Eu me sentia como se a minha própria essência estivesse derretendo: saindo de um estado sólido, palpável para um estado líquido e volátil de conceitos e ideias, impossível de segurar sem escorrer. Escrever, dessa forma, faz mais sentido. No texto, eu consigo colocar todo o líquido em um contêiner: alguns parágrafos de combinações diferentes, de caracteres que fazem algum sentido quando lidos em ordem. Diante da câmera, eu sou forçada a fazer o já faço todos os dias: colocar uma máscara, uma fantasia que não controla, mas esconde a enchente que escapa de mim. Vídeos não mostram a essência, mas o que eu quero mostrar: eu posso, até mesmo, remover as cenas de vazamentos, tapar buracos com pequenas ferramentas de edição do Capcut.

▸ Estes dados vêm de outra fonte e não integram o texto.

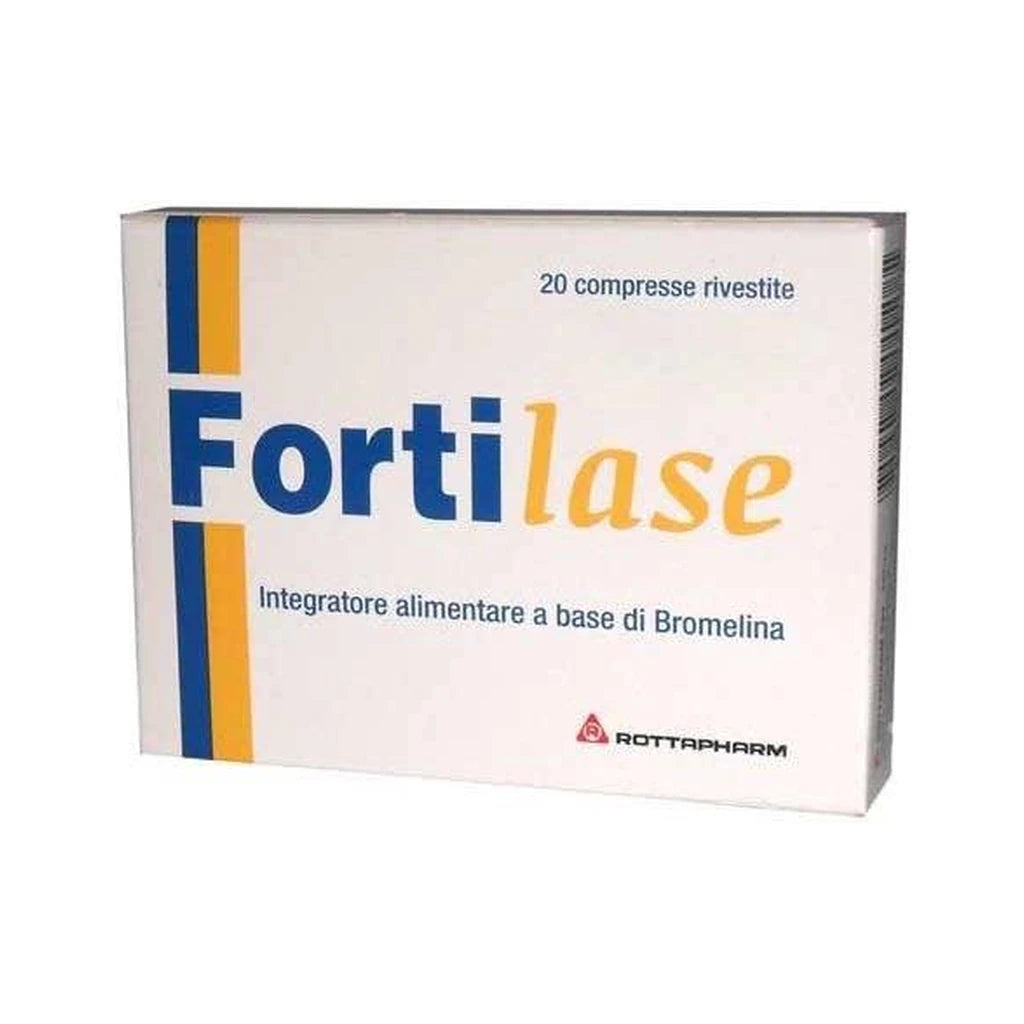 FORTILASE 20CPR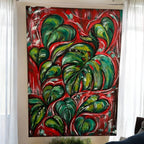 Tablou unic - "Vitalitate Tropicală"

Mas a câmera não é a culpada da exaustão. Muito pelo contrário, a câmera se mostrou uma aliada. Uma importante ferramenta de resgate de memórias que eu ressignificaria negativamente se não pudesse registrar. O desafio de 30 vídeos curtos que criei para mim mesma em setembro e que ainda não consegui terminar, me ajudou a me ver de um jeito que espelho nenhum poderia reproduzir. A câmera te permite escolher o que você quer ver e o botão de publicar, o que você quer que os outros vejam.

Não, a exaustão vem de todas as coisas que eu não posso editar. De ser a Giulia que os outros interpretam e que os outros editam. Vem do trabalho: eu estou trabalhando em dois contratantes ao mesmo tempo. Um que quase me demitiu em agosto, antes de me trazer de volta para um projeto temporário. E um novo, sobre o qual eu pouco posso falar e do qual nem pretendo falar muito. No trabalho antigo, eu conheço as regras, as pessoas e sou tratada como especialista, o que me permite certo nível de confiança. No novo, eu pouco sei, muito aprendo. Passo boa parte do dia pesquisando, lendo, sanando dúvidas. Dois trabalhos, duas máscaras. E a troca delas precisa ocorrer de forma sincronizada.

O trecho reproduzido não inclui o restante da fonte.